I don’t know enough about frost to know if or how it solves the problem.

And interoperability would be purely a problem of adoption would it not? That seems like a bad reason to make a decision at this stage. “Soft forks” only get harder and this is an important one. The “damage” of not being integrated is simply creating a new key for a specific client or service., but that other services would still see as belonging to you if they support it.

In other words the problem would be isolated to clients that don’t support it would not not?

Can recommend latest [TGFN](https://thank-god-for-nostr.simplecast.com/episodes/frostr-wBOrP0Te) episode on Frostr.

It achieves the following:

- You can chop your nsec into shards (shamir secrets). These can generate valid signatures with an arbitrary threshold you configured initially

- You have your nsec (or just the shards of it) in cold storage and can distribute shards to bunkers, even custodians with high uptime in a safe way (eg 2 of 3, one at a custodian, one hot in your bunker and one only used when rotating)

- You can rotate the setup to a new set of shards. However, all setups remain valid (possible problem but not if you don't leak your cold storage nsec or threshold of shards).
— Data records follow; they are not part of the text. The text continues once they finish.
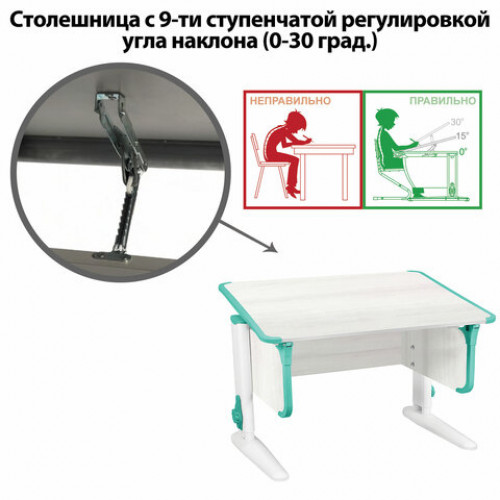 Стол-парта регулируемый ДЭМИ СУТ.43, 1000х550х530-815 мм, белый каркас, пластик аквамарин, рамух белый (КОМПЛЕКТ)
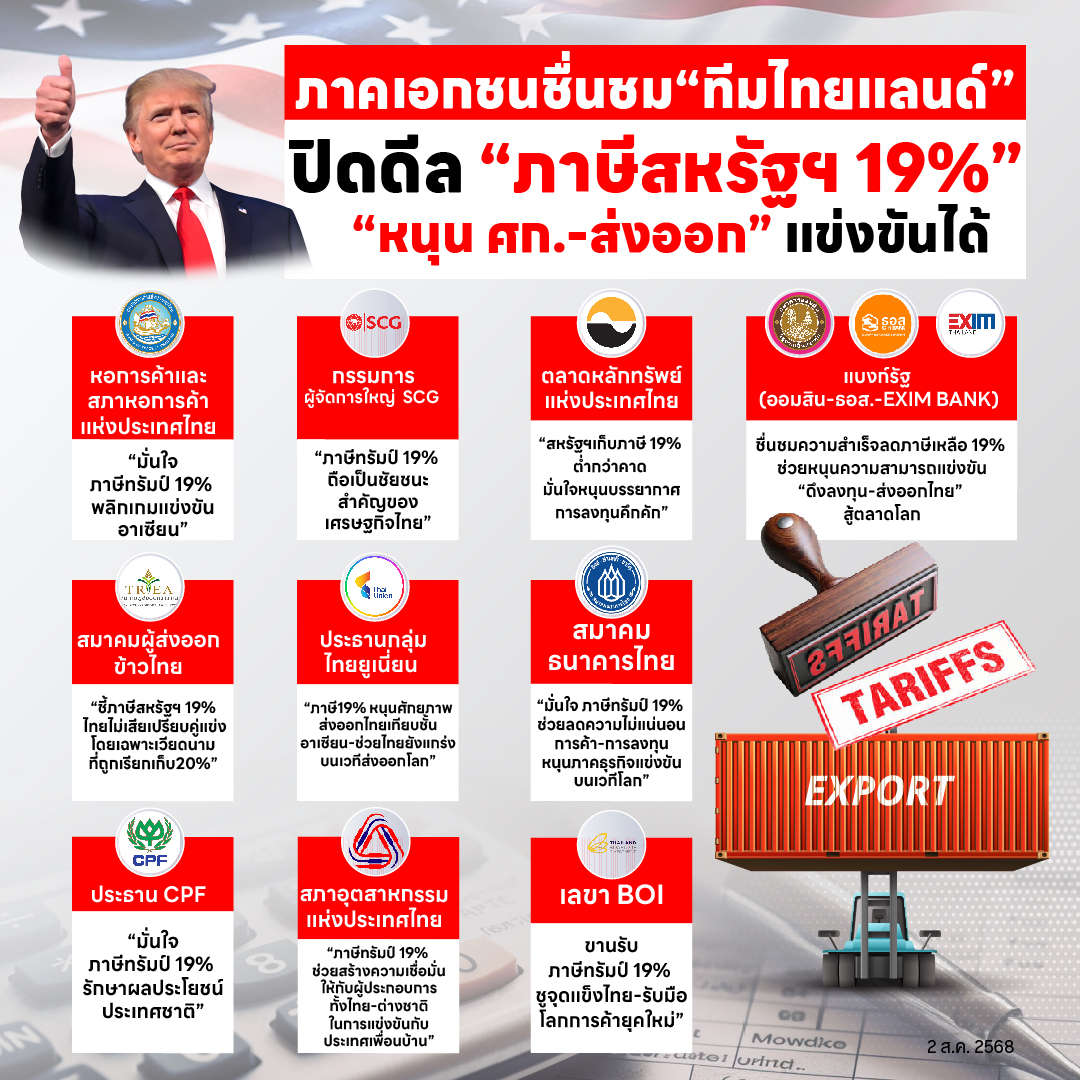 CG-ภาคเอกชนชื่นชมทีมไทยแลนด์-020825-01.jpg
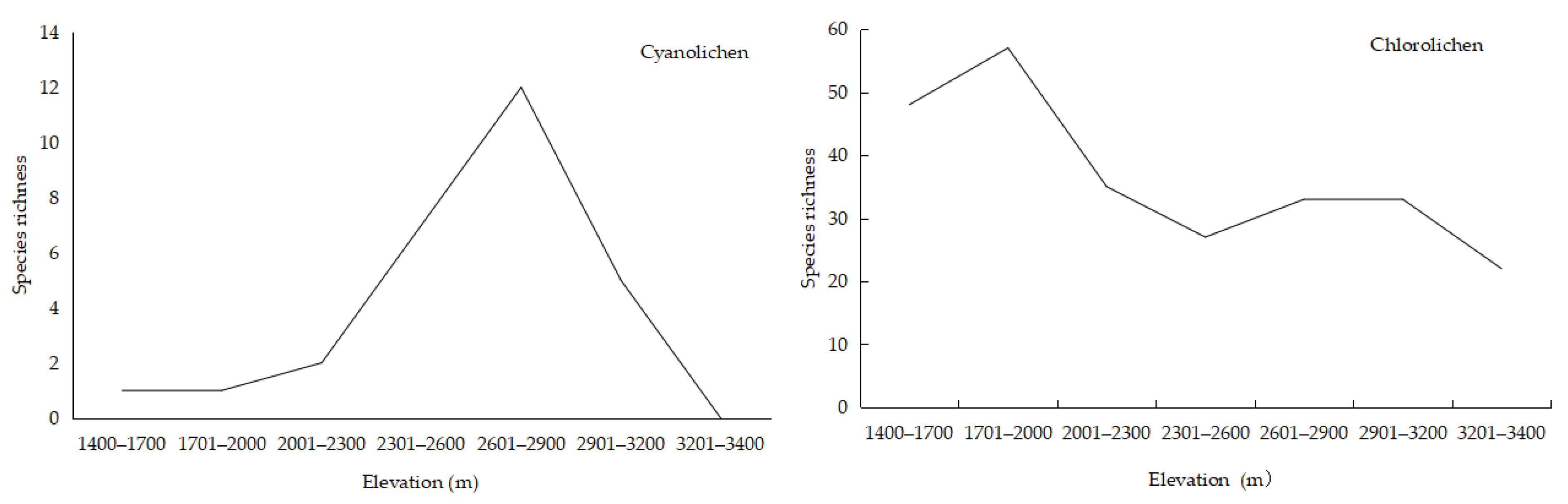 Diversity 17 00102 g004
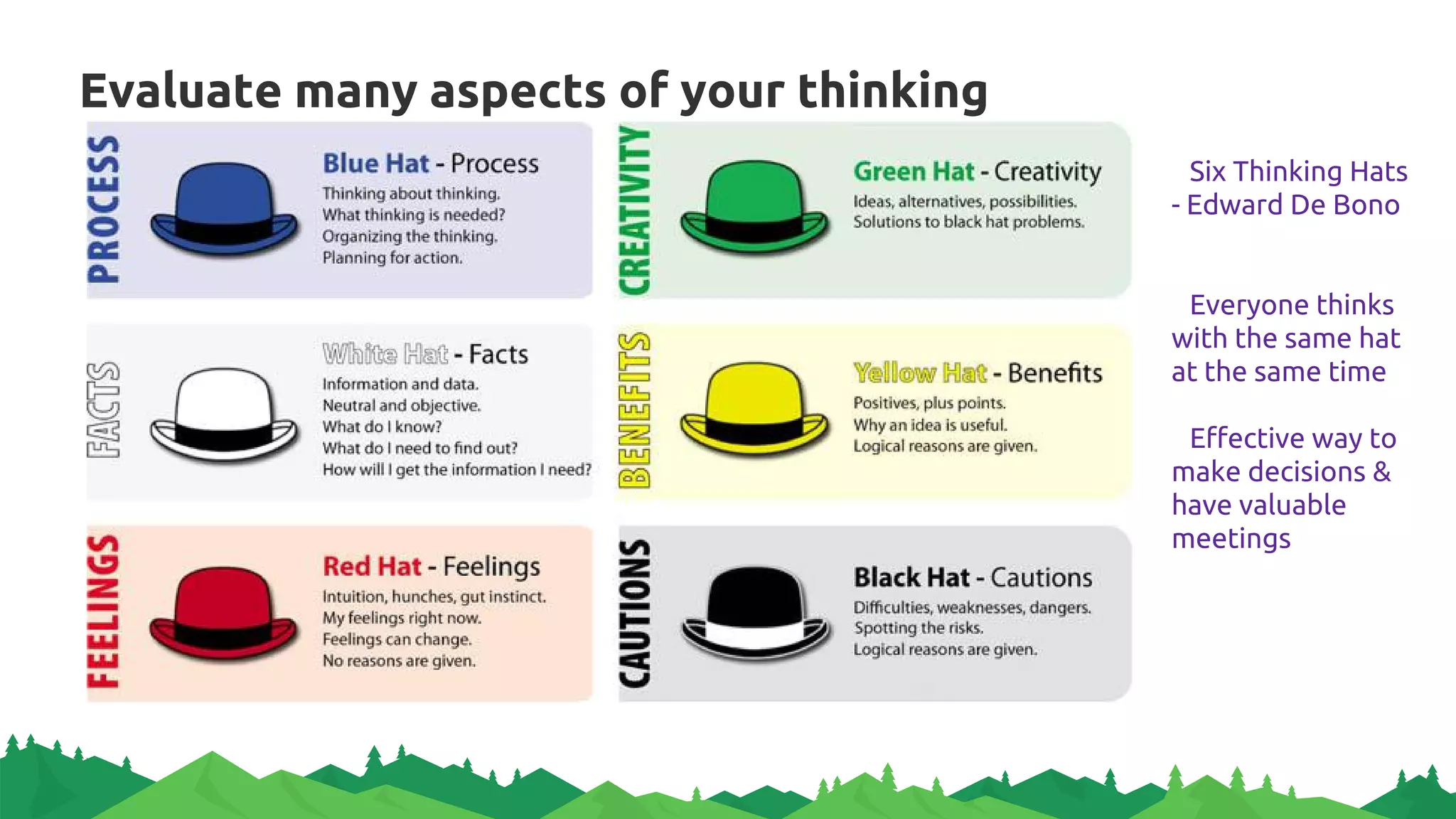 Evaluate many aspects of your thinking
Six Thinking Hats
- Edward De Bono
Everyone thinks
with the same hat
at the same time
Effective way to
make decisions &
have valuable
meetings
 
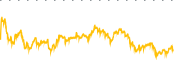 chart-ASPN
You cannot rotate your nsec though.

This achieves a kind of key rotation without nsec rotation, and still needs bunkers.

A subkey system would simplify the bunker problem but at the huge cost of transmitting, storing and coordinating a bunch of data on nostr for all events for just the subkey-related stuff.

The coordination part is the nastiest: Nostr is distributed so there is no guarantee of consistency. Therefore I wonder how you want to solve the problem of

"Am I really, really sure that I validated this event against the absolute latest state of this user's keys?

Was this event really signed before that old key has been deprecated?"

Nostr is designed so that no relay needs to be an absolute source of truth. The events themselves, signed by the pubkeys are. Self authentication. But what do we do when this assumption is broken? It all falls apart. You cannot have absolute consistency on nostr.

...and subkeys would not simplify the master key leak either.